Collection Schira

Un mot de Bernard Schira

À la fin des années soixante, jeune chanteur, je devais donner un concert dans la soirée à Genève. Ayant un peu de temps l’après-midi, je flânais dans la Cité et vis, par hasard, exposé dans la vitrine du libraire de la Grand’ Rue, un exemplaire du Chat noir.Je fus très surpris de trouver un journal datant de près d’un siècle. J’entrai, demandai le prix, il n’était pas excessif (j’étais encore étudiant), donc je pus l’acheter.

Je connaissais ce journal, car, admirateur de Charles Cros que j’avais mis en musique, j’avais acheté ses Œuvres complètes éditées par Jean-Jacques Pauvert et, dans cet ouvrage, se trouvaient insérés des fac-similés de journaux de l’époque, dont Le Chat noir.

Le propriétaire de la librairie, le vieux Monsieur Sack, m’encouragea à revenir, ce que je ne manquai pas de faire à plusieurs reprises. Il me confiait les clés de son dépôt où je découvrais des merveilles ; j’en revenais un peu penaud car, même si ses prix étaient tout à fait raisonnables, je n’avais qu’un budget d’étudiant. Néanmoins, je repartais avec tous les journaux que j’avais sélectionnés, quelques bulletins verts et ces paroles du vieux libraire : « Vous me payerez petit à petit et mangerez un peu moins ». Belle leçon.

Ce furent mes premiers achats, qui enchaînèrent avec d’autres tout au long des cinquante années suivantes. Les hasards des découvertes, à Genève, à Lausanne, à Fribourg ou Paris me permirent de compléter ce que je n’avais pas la prétention d’appeler une collection.

Je fis ainsi connaissance avec les dessinateurs. Steinlen le premier, si proche des petites gens de son époque, puis les grands, Grandville, Daumier, Willette… ainsi que beaucoup d’autres.

Willette me toucha particulièrement ; j’eus la chance de trouver la collection complète de son journal, Le Pierrot et eu l’occasion d’utiliser l’un de ses dessins pour faire l’affiche d’un spectacle collectif en 1968.

Aubenas, Ardèche 1968

À Lausanne sur le Grand Pont se trouvait la librairie Gonin. Monsieur Gonin, répondant à ma demande concernant des journaux satiriques, m’apporta de son dépôt l’année 1835 du Charivari. Il me proposa de l’emmener pour l’étudier avant de l’acheter. Je ne ramenai pas les journaux mais revint pour les payer.
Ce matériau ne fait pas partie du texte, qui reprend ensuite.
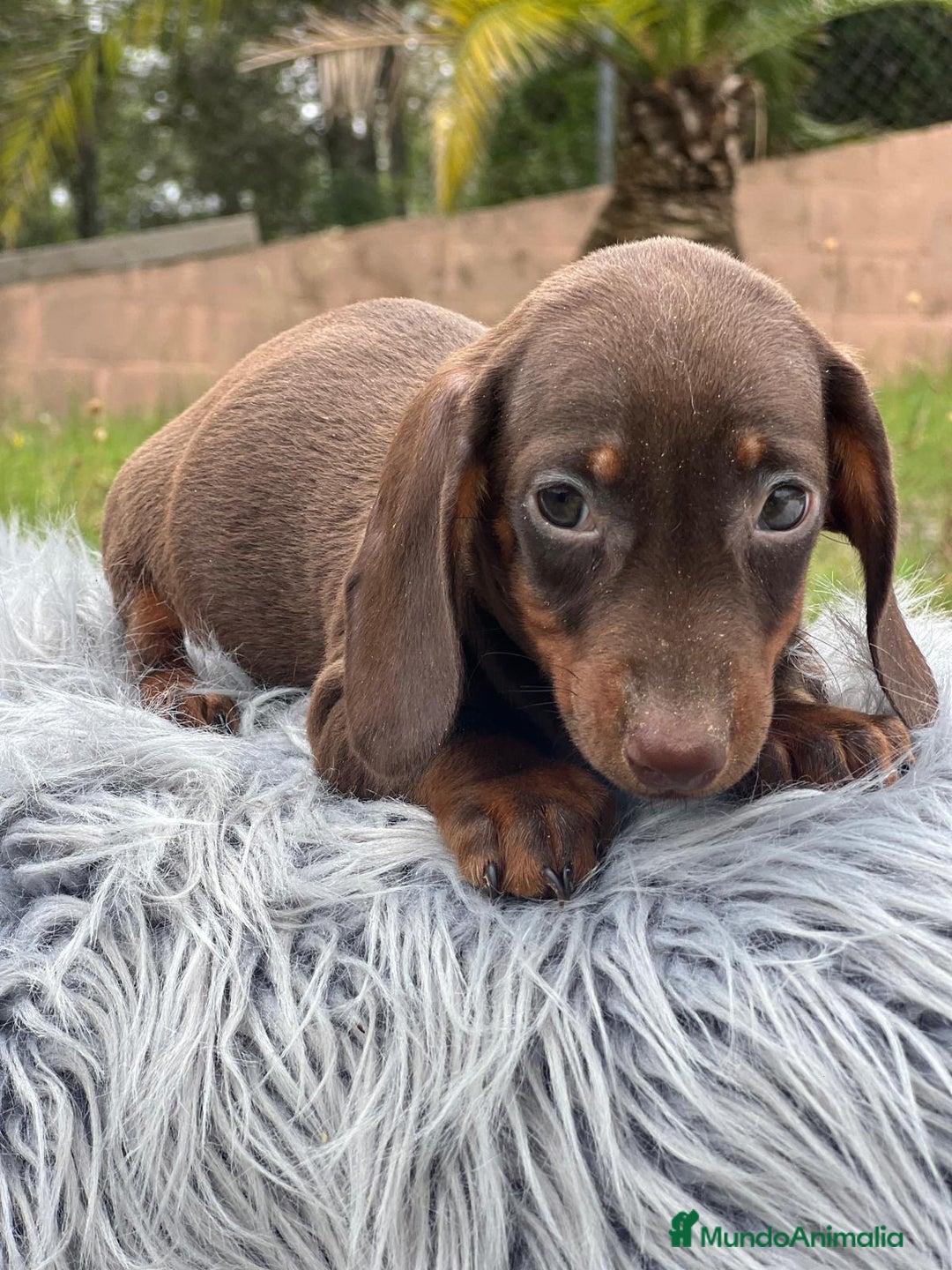 Teckel Miniatura perros en venta: TECKEL MINATURA ISABELLA - Imagen 10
La confiance régnait à cette époque ! Et puis L’Eclipse, la collection complète (sauf erreur 1868-1872, à cheval sur la Commune, avec les numéros censurés), que je pus échanger contre une édition des Cartes Dufour, avec les magnifiques dessins du grand André Gill et ses grosses têtes.

J’ai souvent eu de la chance parfois aussi des déceptions. Faire une offre pour Le XXe siècle, d’Arthur Robida et s’entendre répondre que mon offre était la meilleure mais qu’elle arrivait trop tard, ou encore apprendre que la collection complète convoitée de L’Assiette au beurre venait d’être vendue !

Pour moi, ce fut aussi une école de vie, découvrir un immense domaine inconnu, et apprendre à ne pas regretter, comme le dit Jules Jouy (1850-1897) :

Où sont les chansons d’autrefois ? …

Que fera-t-on dans quelques mois,

De ces vers par moi publiés ? …

Des cornets pour les épiciers.

Chansonnettes, neige qui fond,

Chiffon, chiffon, tout est chiffon.

 

Arrive alors l’heure de ma retraite, je me retrouve avec quelques milliers de journaux qui prennent de la place alors qu’il est de temps de s’alléger. Que faire ? Recycler ceci comme du vieux papier ? Disperser cet ensemble au gré de quelques ventes hasardeuses ?

Je suis très heureux que la Bibliothèque Cantonale ait accepté d’accueillir ce que j’ose enfin appeler une collection.